Blogs and Commentary

posted 02.05.2013 at 2.01 p.m. by Jac Coyne

NCAA Division III Notebook

They set the bar for first-year programs last spring, but now Jake Plunket and his Albright squad are entering their sophomore year. It's likely to be a little rockier than the inaugural campaign that produced a 16-3 record and a trip to the MAC Commonwealth title game.

With Cortland and Stevenson — the two top teams in the country — on the docket and opponents no longer looking past the upstart program, a new reality has set in.

"The players know last year was unlike any year," Plunket said. "We've had a lot of success against some good teams, but they also know that the schedule needs to be amped up a little bit. They need to be challenged because it doesn't get any easier down the road. We've got No. 1 [Cortland] in the first game of the season and then down the road we've got No. 2 [Stevenson]. Not bad for a second-year program, I guess."

Plunket has no illusions about the difficulty of this season's journey, but he has been buoyed by the addition of another recruiting class. The rookies are not only adding depth, but they are also eliminating any lingering thoughts of entitlement from the returners.

"Last year, we only had one class of guys to push each other," Plunket said. "Now we have this new class coming in and we have so much more depth at the defensive position. We have two guys who are knocking at the door to come in and play. We have a bunch of good middies and a couple of transfers who have been tearing it up. So the guys have to constantly step up every day as sophomores. If they take a practice off, there are a bunch of freshmen who are hungry and they smell the blood because they know that the opportunity is there to play. It's good to create that competitive rivalry on the field and it pushes the practices. We didn't see that last year, so it's refreshing."
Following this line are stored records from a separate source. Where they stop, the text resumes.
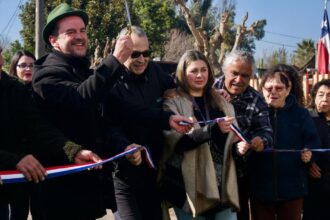 Cemin entrega trabajos de asfaltado en la comuna de Catemu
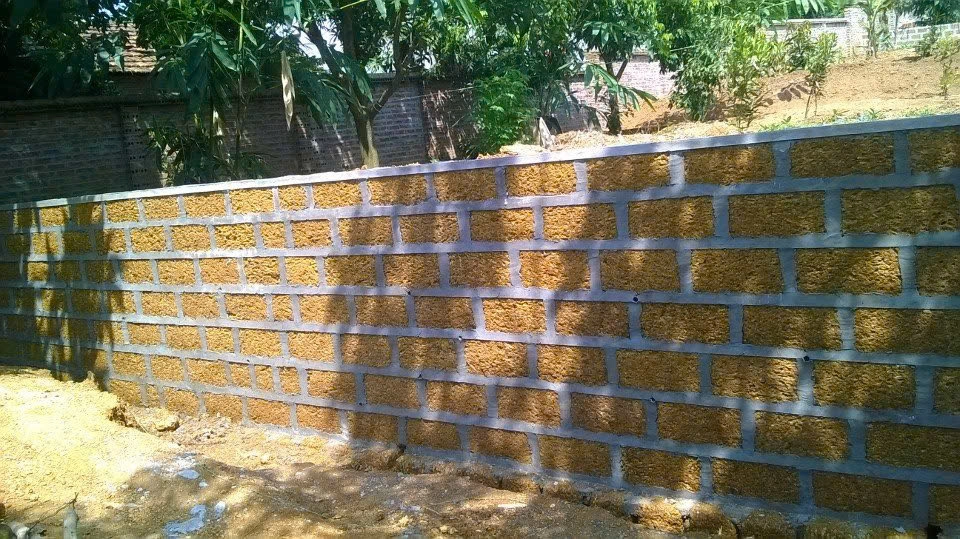 Tường bằng đá ong – Bền vững, sang trọng và gần gũi với thiên nhiên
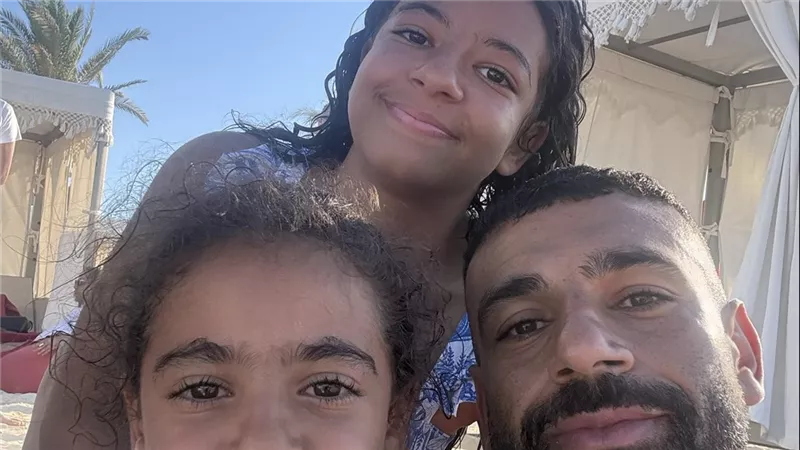 محمد صلاح يخطف الأنظار بصور عائلية مع ابنتيه في الساحل الشمالي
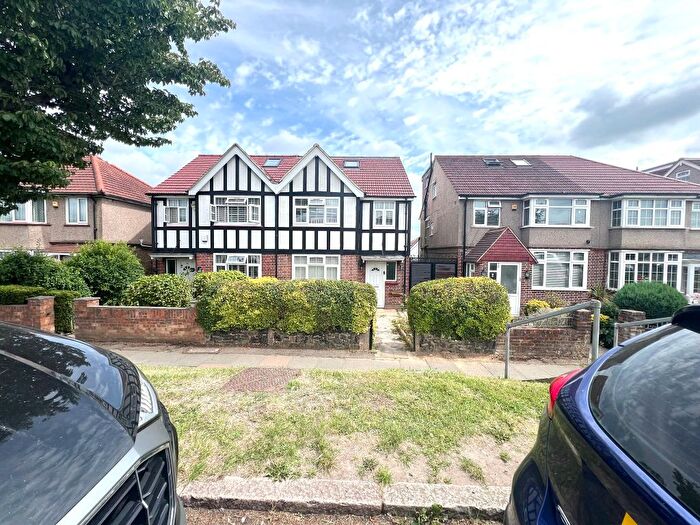 6 Bedroom Semi-Detached House To Rent In Yeading Lane, Hayes, UB4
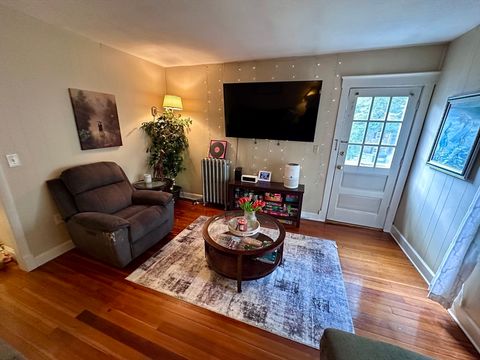 39 Davis Ave 2 Norwood MA 02062
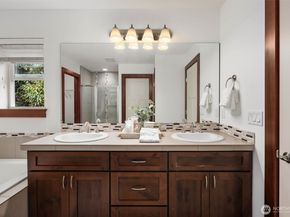 19624 2nd Drive SE, Bothell WA 98012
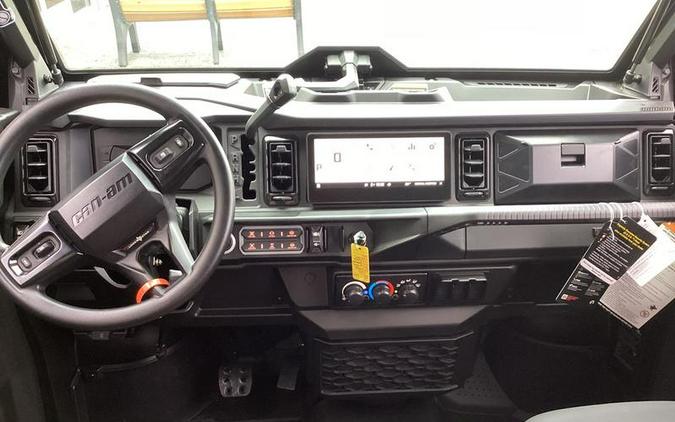 2026 Can-Am® Defender MAX LONE STAR CAB HD11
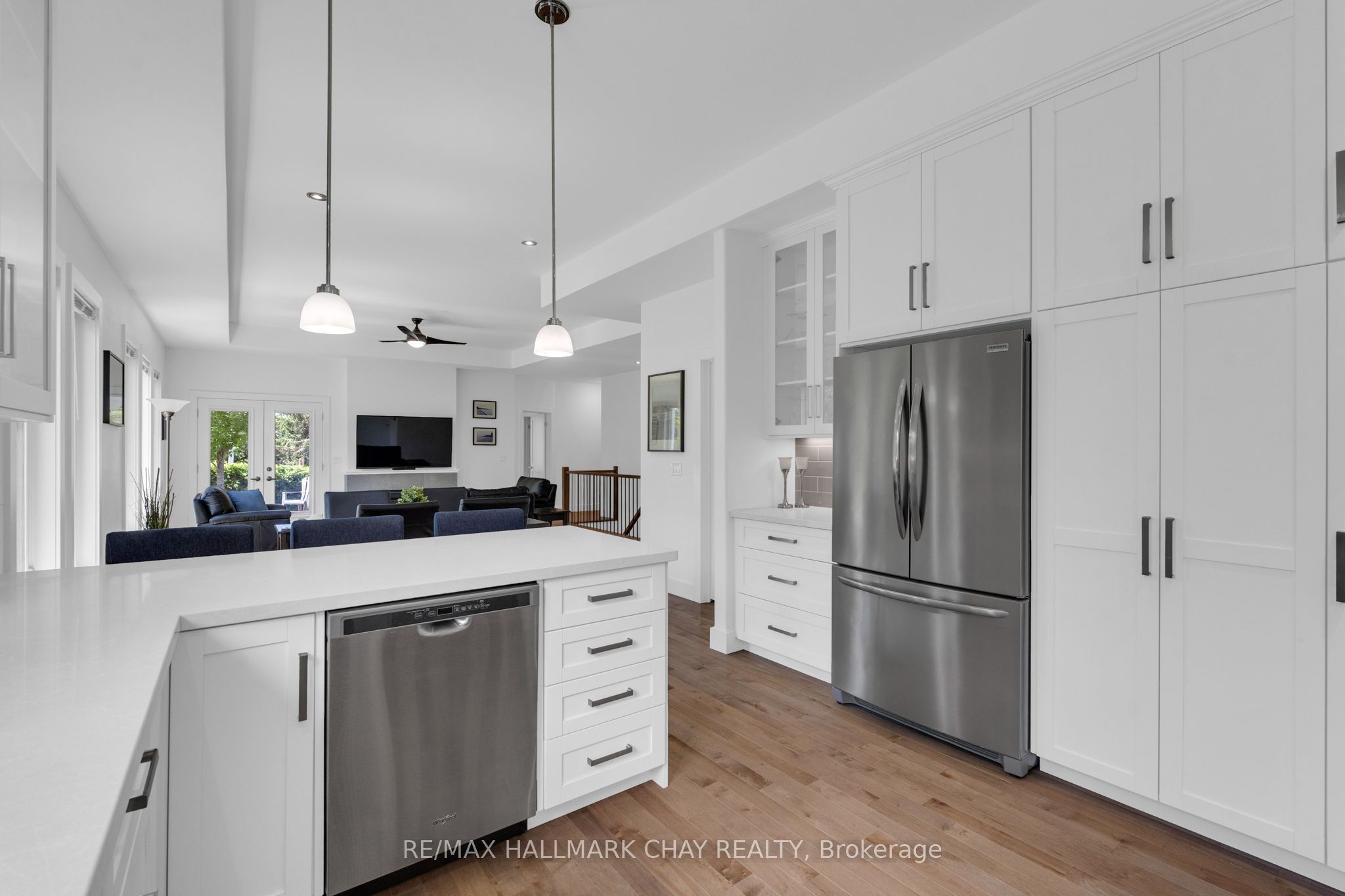 1415 15 16 Side Road E Property Photo 17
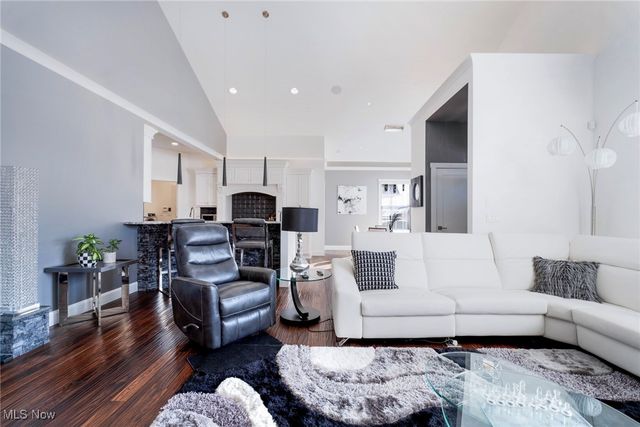 4300 Westford Place 12B, Canfield, OH 44406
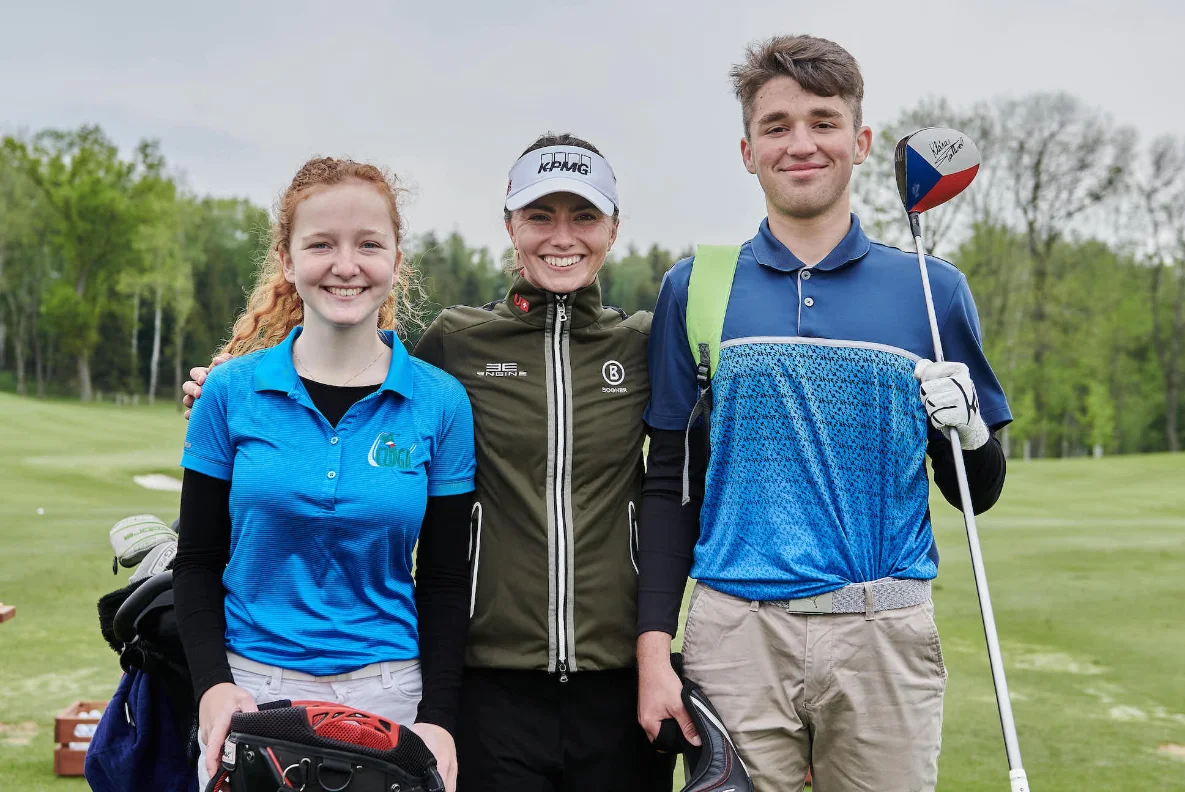 Na poličku? Kdepak! S holí od Spilkové bude mladý golfista pálit
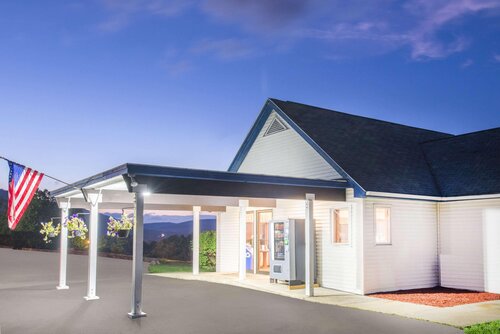 Travelodge By Wyndham Lake George Ny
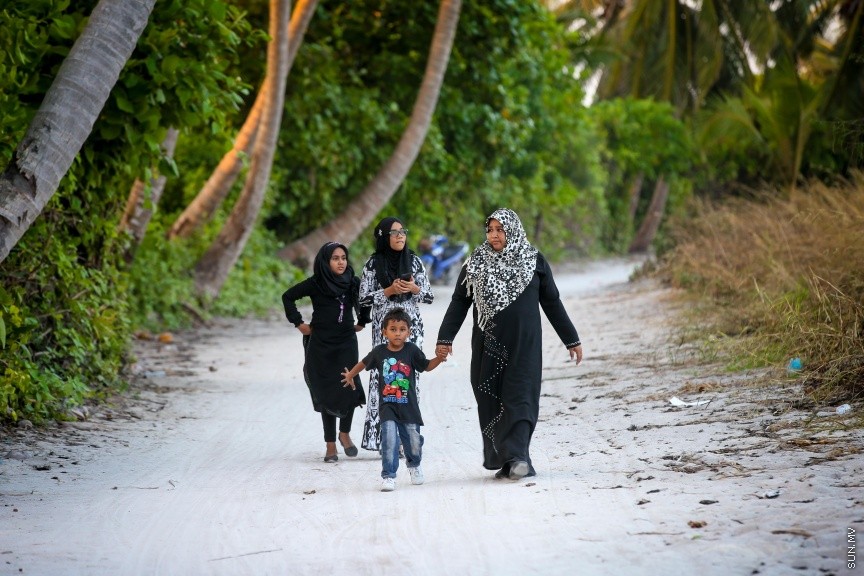 ހަވީރު ފިންޏަށް ތޮއްޑޫ އާއިލާއެއް ހިނގާލަނީ: ތޮެއްޑޫ އަކީ ހިއްގައިމު ރަށެއް-- މުހައްމަދު އަފްރާހް
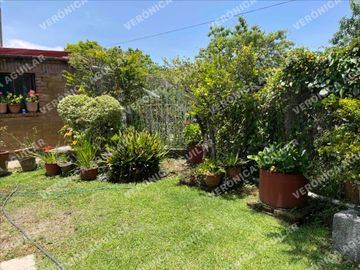 Venta de Casa estilo campestre y terreno en Nepantla de Sor Juana Inés de la Cruz, Estado de México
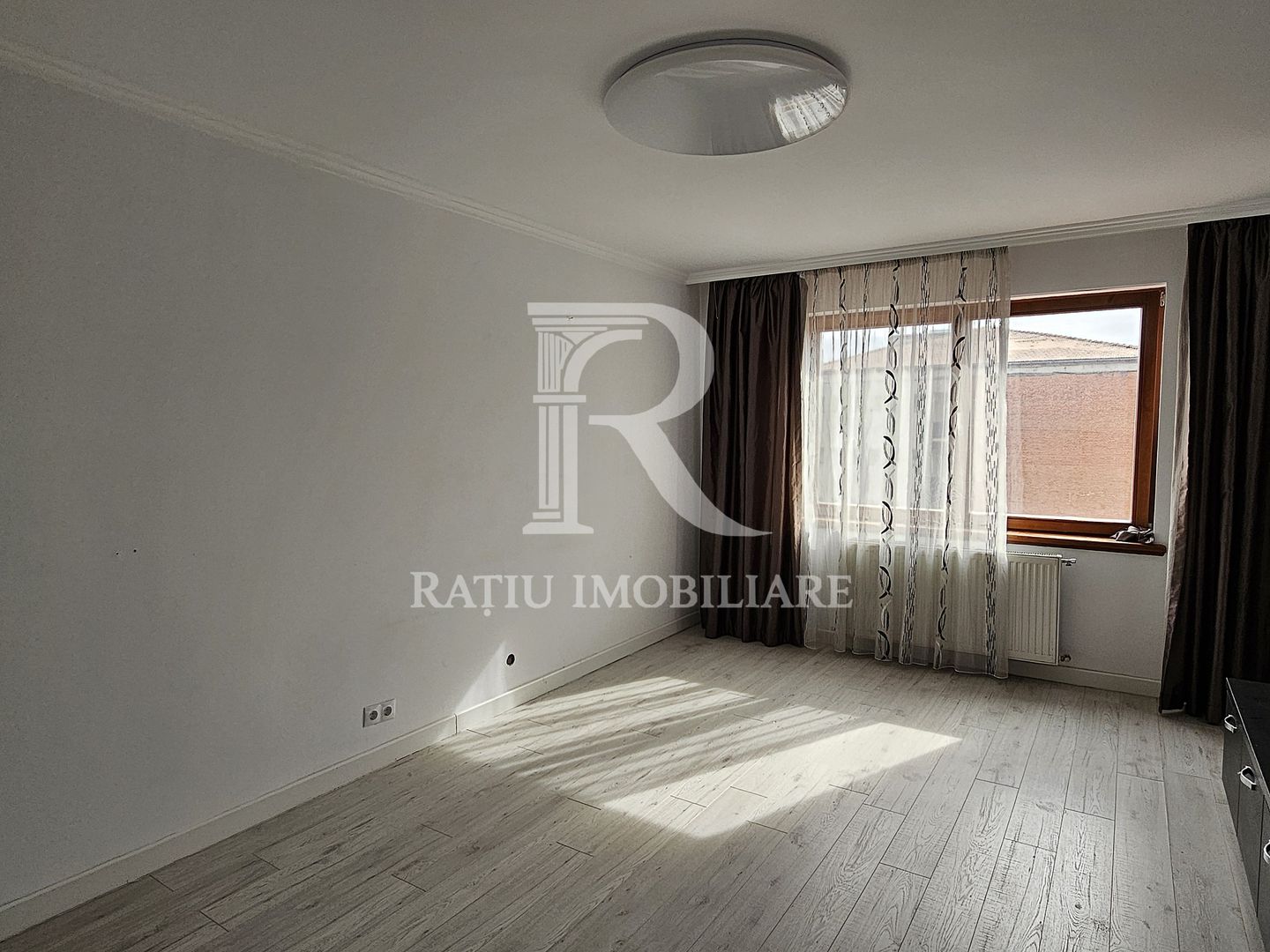 Apartament cu 2 camere | Parcare Supraterana | Dimitrie Cantemir | Oradea - Poză 2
The returners are motivated by the way the '12 season ended. Despite the magical ride, Albright coughed up a 5-0 lead against Widener — a team the Lions defeated in the regular season — in the conference championship game, and it happened in front of packed house that had embraced their success.

"We had a stadium filled with 2,000 people. At the beginning of the season, we might have had 30 people," Plunket said. "The community didn't know much about the sport yet and we were getting our feet wet on campus, but then after all the success we got a lot of support. It did kind of leave a bad taste in our mouth.

"We went into the locker room after the game and nobodywas happy about it. We go into this season, and now we use that last game as motivation to get ready for this season. We know that it isn't going to get any easier. We grew up last year and we took our bumps and bruises, but now it's time to see what we're made of. We'll see what those freshmen learned over the last year and the experience they gained."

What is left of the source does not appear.